Exercise goal
Please return the full listing exactly as written, with the images removed.

Available data

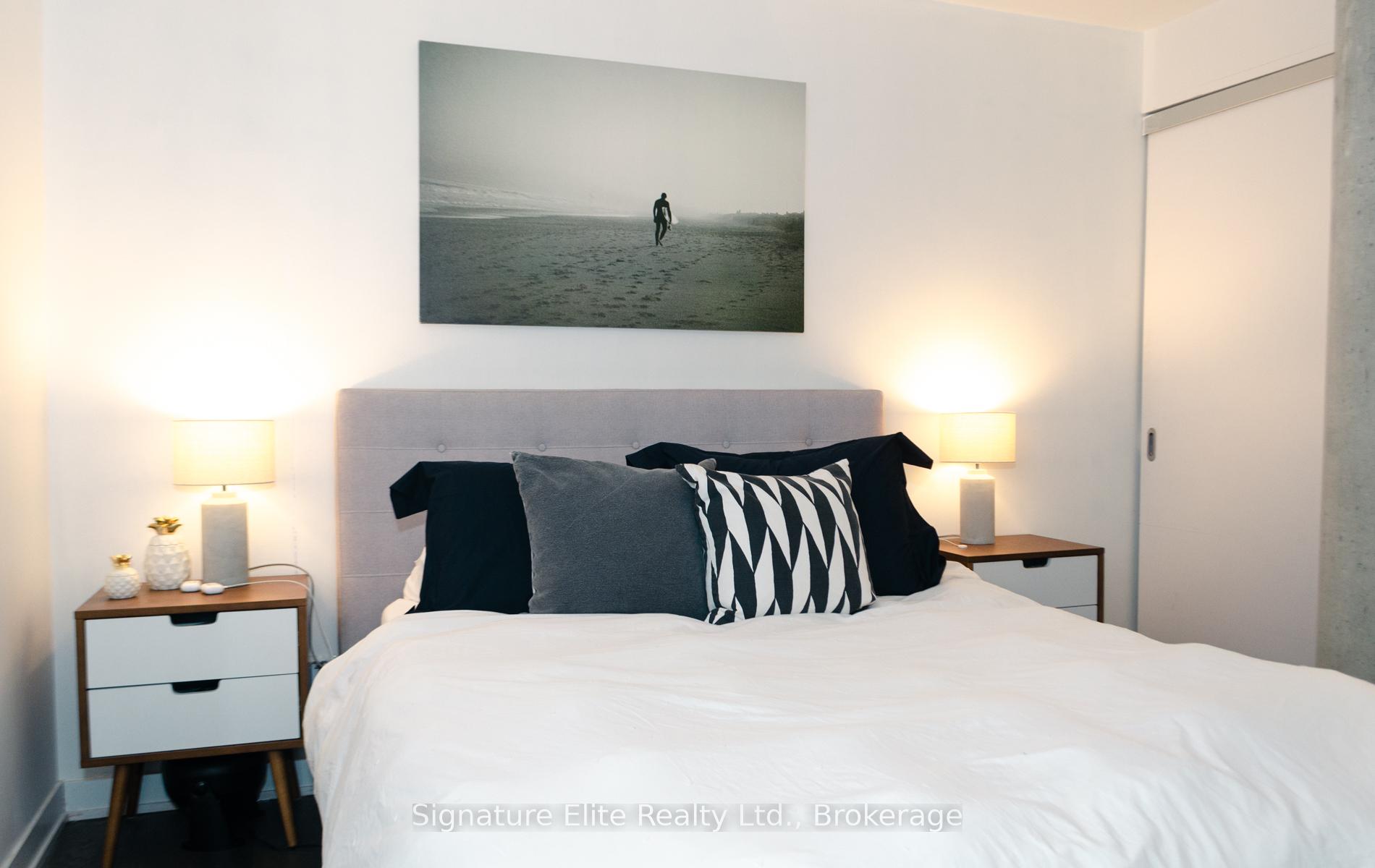 Photo 8 of Unit 521, 318 King Street E, Toronto, Moss Park — HOMEH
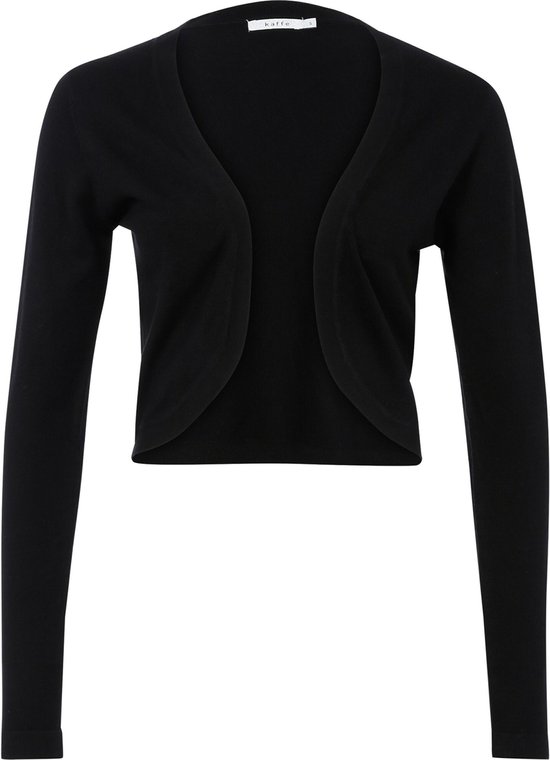 Pull Femme Kaffe Astrid Bolero - Taille XL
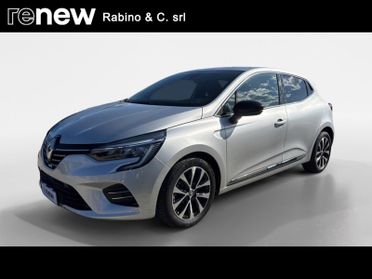 Renault Clio Clio TCe 90 CV 5 porte Techno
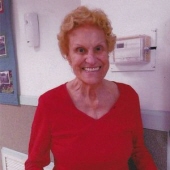 Phyllis Ruth Kent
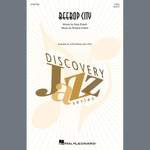 Gary Eckert: Beebop City Product Image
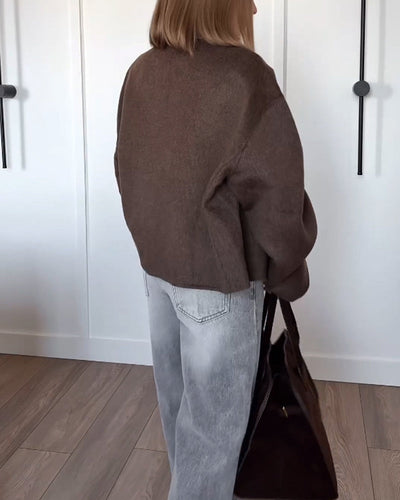 SAMIRA | Retro Jacket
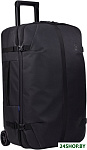 Aion Wheeled Duffel TAWD170BLK 3205226 (черный)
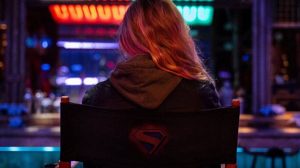 Supergirl está chegando! James Gunn revela 1º pôster do filme;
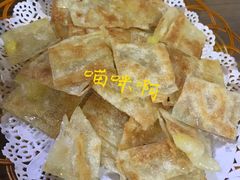 菠萝飞饼-华德来餐厅(集美店)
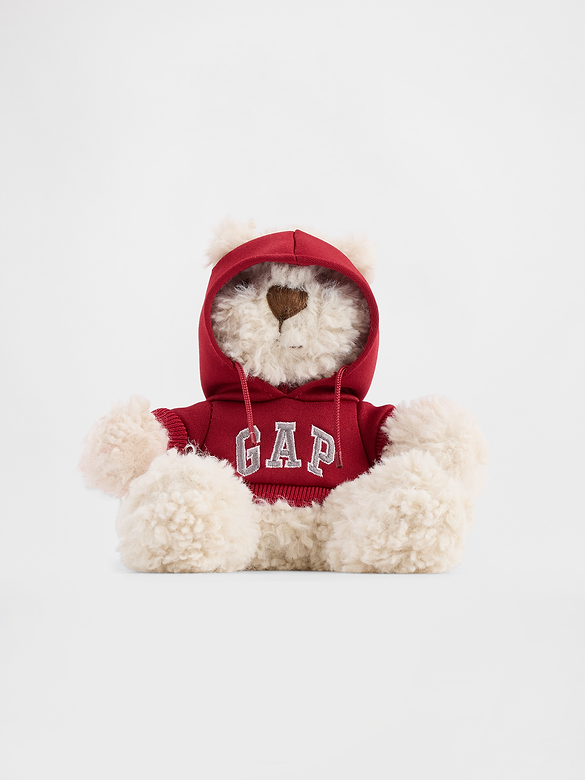 Toy Logo Hoodie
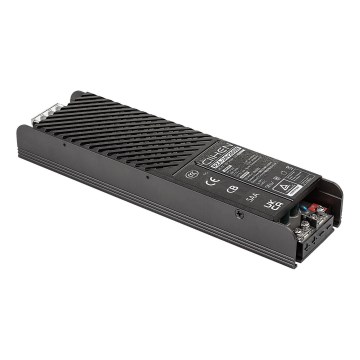Rabalux - Einbau-Stromversorgung für Leuchten im Schienensystem 200W/230V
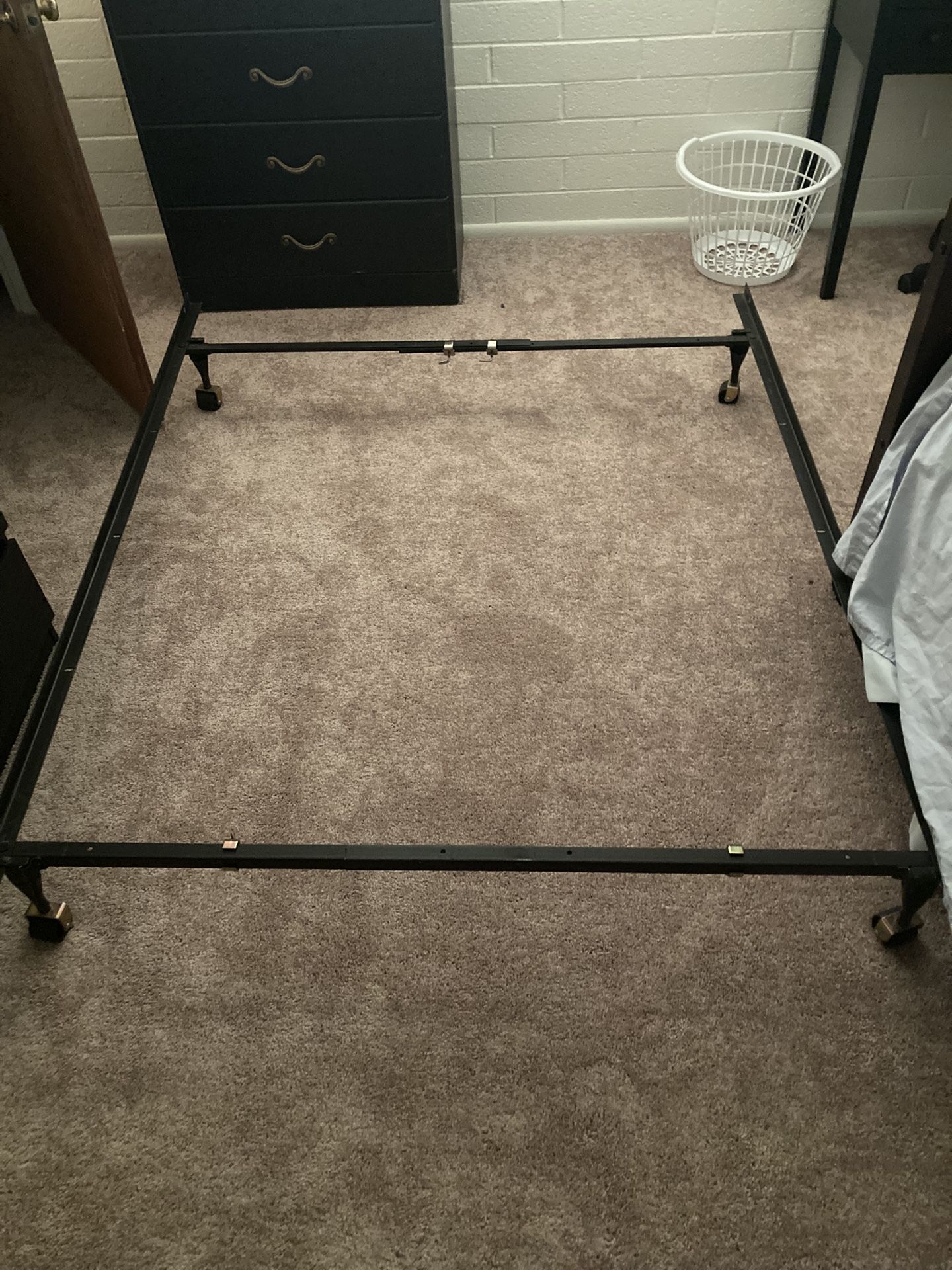 Bed Metal Frame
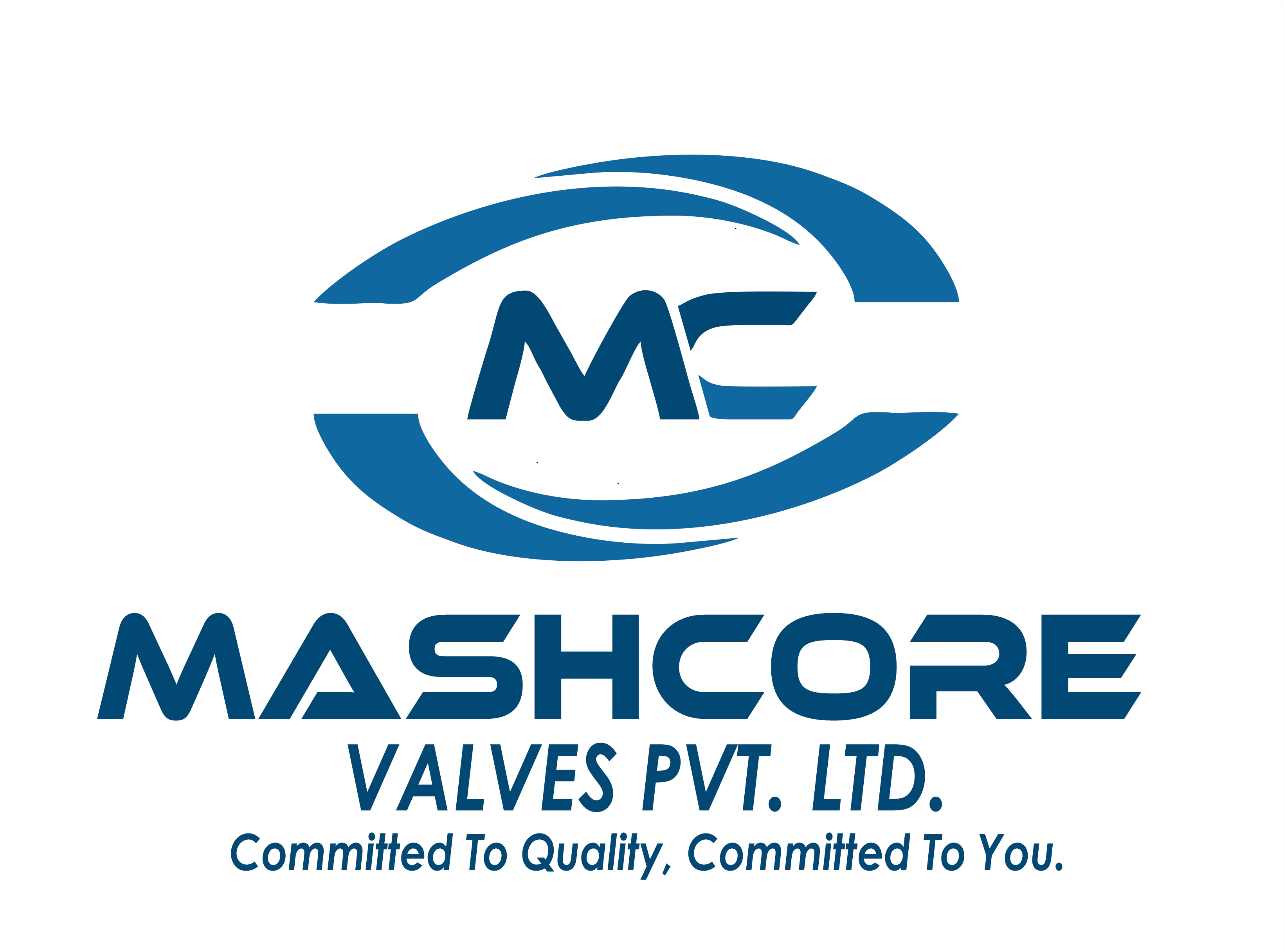 Mashcore Valves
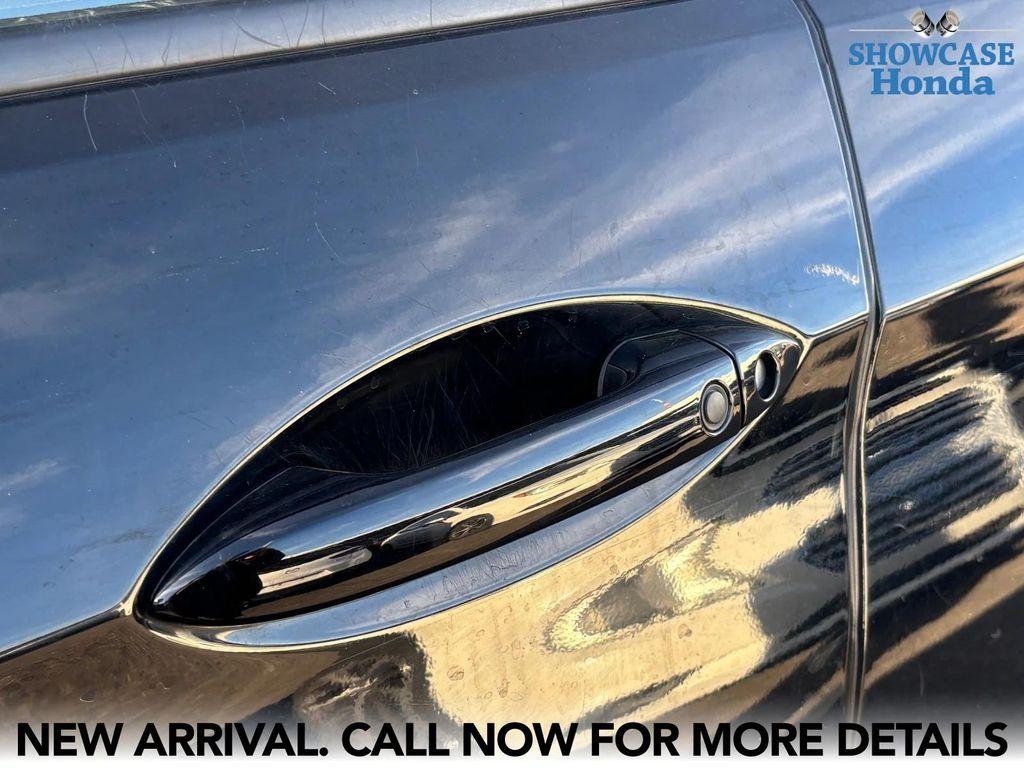 used 2020 Honda Passport car, priced at $24,900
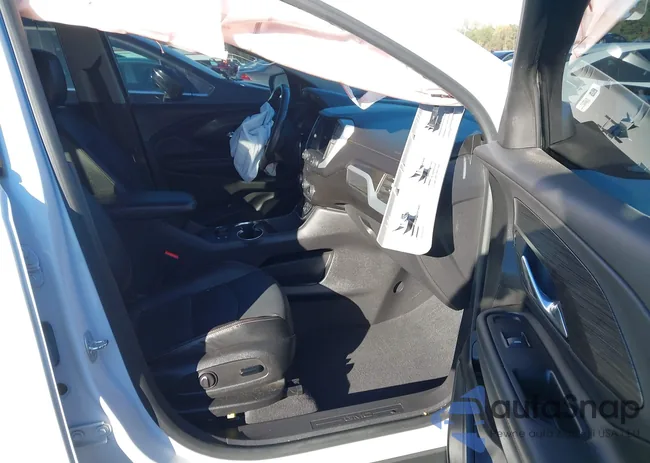 3GKALVEV4ML305964: 43625188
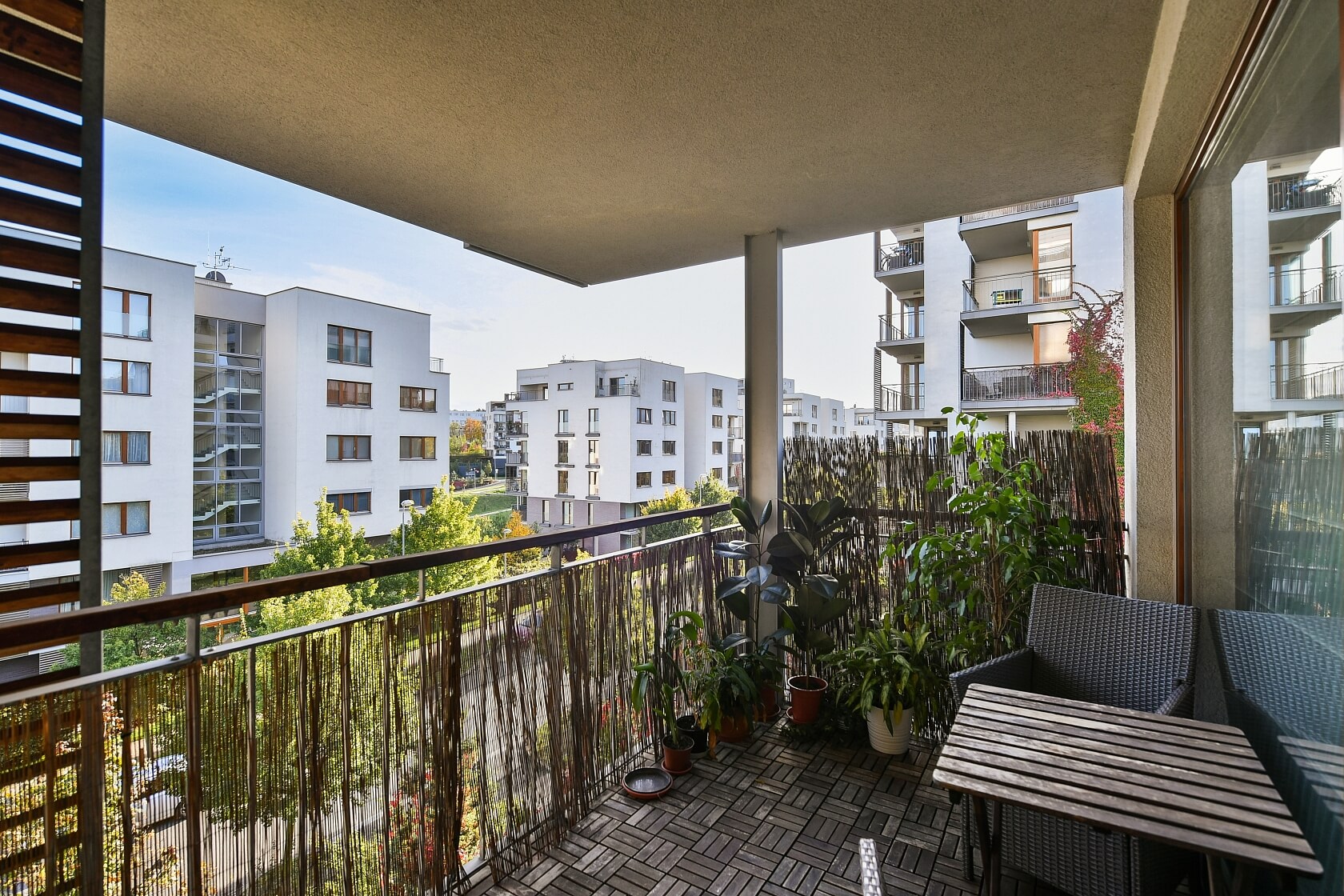 V Třešňovce, Hrdlořezy - Praha 9 | Prodej, Byt 3+kk, 102 m²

Output of the exercise
 Photo 8 of Unit 521, 318 King Street E, Toronto, Moss Park — HOMEH
 Pull Femme Kaffe Astrid Bolero - Taille XL
 Renault Clio Clio TCe 90 CV 5 porte Techno
 Phyllis Ruth Kent
 Gary Eckert: Beebop City Product Image
 SAMIRA | Retro Jacket
 Aion Wheeled Duffel TAWD170BLK 3205226 (черный)
 Supergirl está chegando! James Gunn revela 1º pôster do filme;
 菠萝飞饼-华德来餐厅(集美店)
 Toy Logo Hoodie
Rabalux - Einbau-Stromversorgung für Leuchten im Schienensystem 200W/230V
 Bed Metal Frame
 Mashcore Valves
 used 2020 Honda Passport car, priced at $24,900
 3GKALVEV4ML305964: 43625188
 V Třešňovce, Hrdlořezy - Praha 9 | Prodej, Byt 3+kk, 102 m²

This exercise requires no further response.